Single by Illy

from the album The Space Between
- Released: 24 May 2019
- Length: 3:01
- Label: Sony

Illy singles chronology
| "Exit Sign" (2019) | "Then What" (2019) | "Codes" (2019) |

= Then What (Illy song) =

"Then What" is a song by Australian rapper Illy and was released in May 2019 as the lead single from Illy's forthcoming sixth studio album, The Space Between (2021). "Then What" peaked at number 33 on the ARIA Charts and was certified platinum.

"Then What" was written about the changes since Illy's last album Two Degrees in 2016 and its success. Illy told Ben & Liam on Triple J "You notice people come around that weren't there before. When the times are good, they're there, and inevitably you sort of go quiet, start working on new stuff and they're not around anymore. It's not something to get bummed about, I find it funny because it's a cliché but it's true.

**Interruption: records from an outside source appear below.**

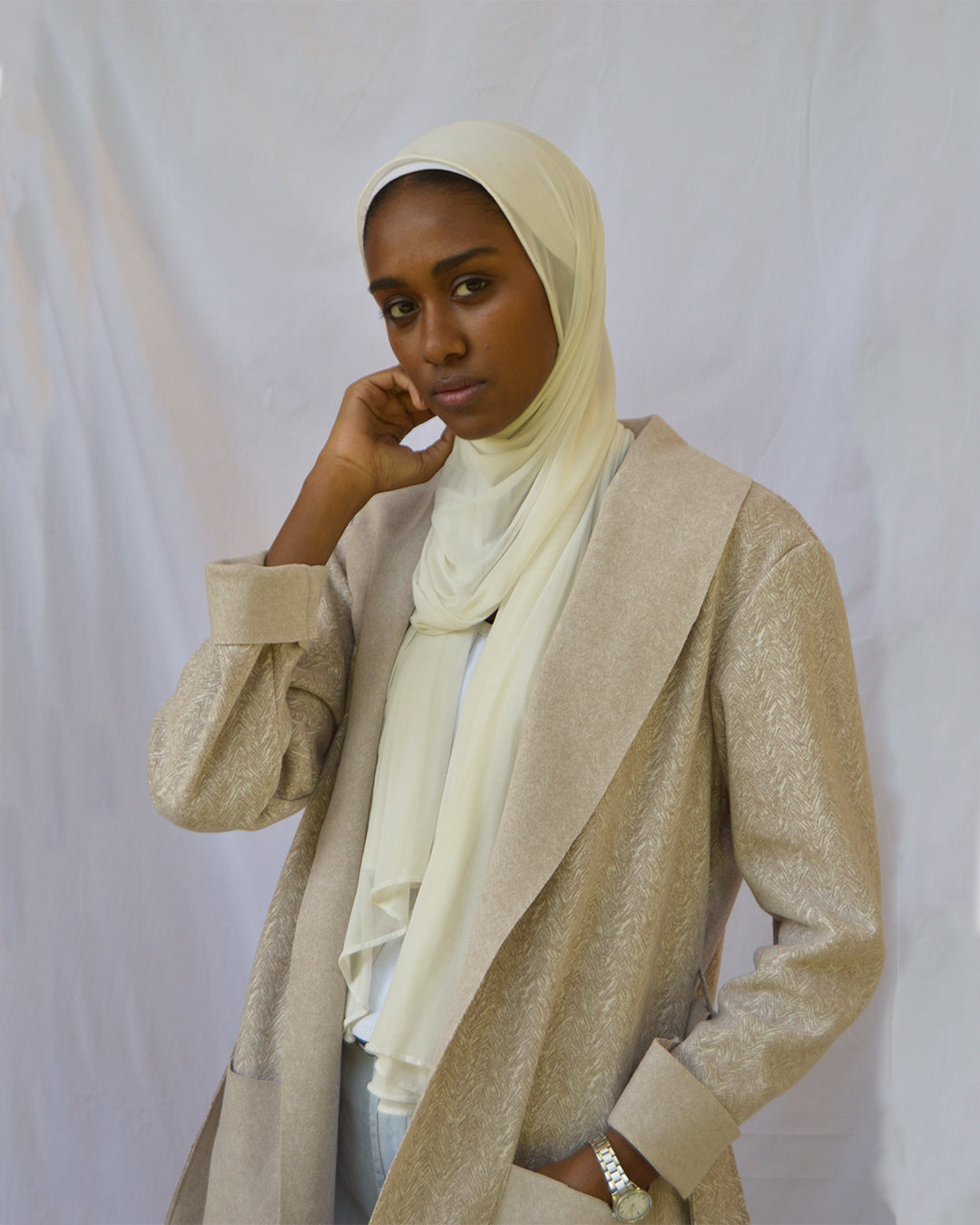 Beige Coat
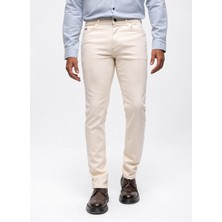 Back And Bond Slim Fit Ekru Erkek Pantolon B33W35007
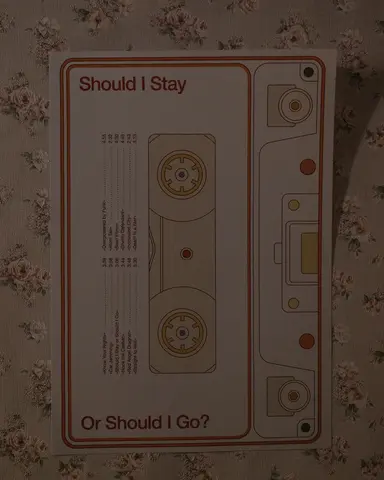постер SHOULD I STAY (white)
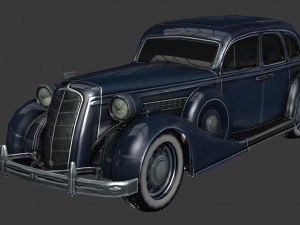 zis 101 a - low poly 3D मॉडल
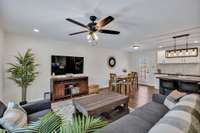 Open floor concept (entry stairs are behind you), lots of natural light!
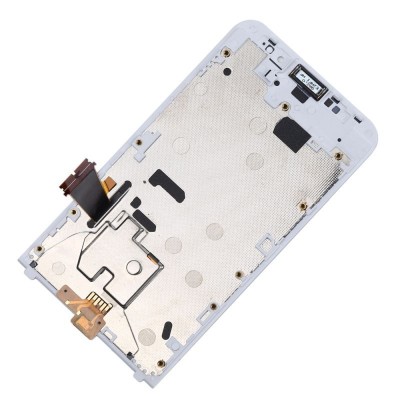 LCD with Touch Screen for BlackBerry Z30 - White (complete assembly folder)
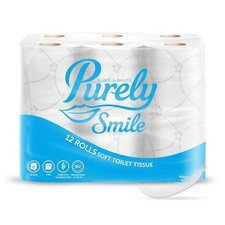 Blake & White Purely Smile 3 Ply Soft Toilet Rolls 12 Pack - Highly Absorbent To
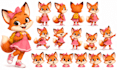 design childrens book character turnaround, pose and expression sheets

I wanted to write a song addressing that."

At the APRA Music Awards of 2020, "Then What" was nominated for Most Performed Urban Work of the Year.

==Reception==
Zanda Wilson from The Music Network said "('Then What') is cut from the same cloth as some of his biggest radio hits, with Illy's clean and energetic combination of rapping and singing underpinned by production with pop sensibilities."

==Charts==
===Weekly charts===

| Chart (2019) | Peak position |
|---|---|
| Australia (ARIA) | 33 |

===Year-end charts===

| Chart (2019) | Position |
|---|---|
| Australian Artist (ARIA) | 21 |

==Certifications==

| Region | Certification | Certified units/sales |
| Australia (ARIA) | Platinum | 70,000^{‡} |
^{‡} Sales+streaming figures based on certification alone.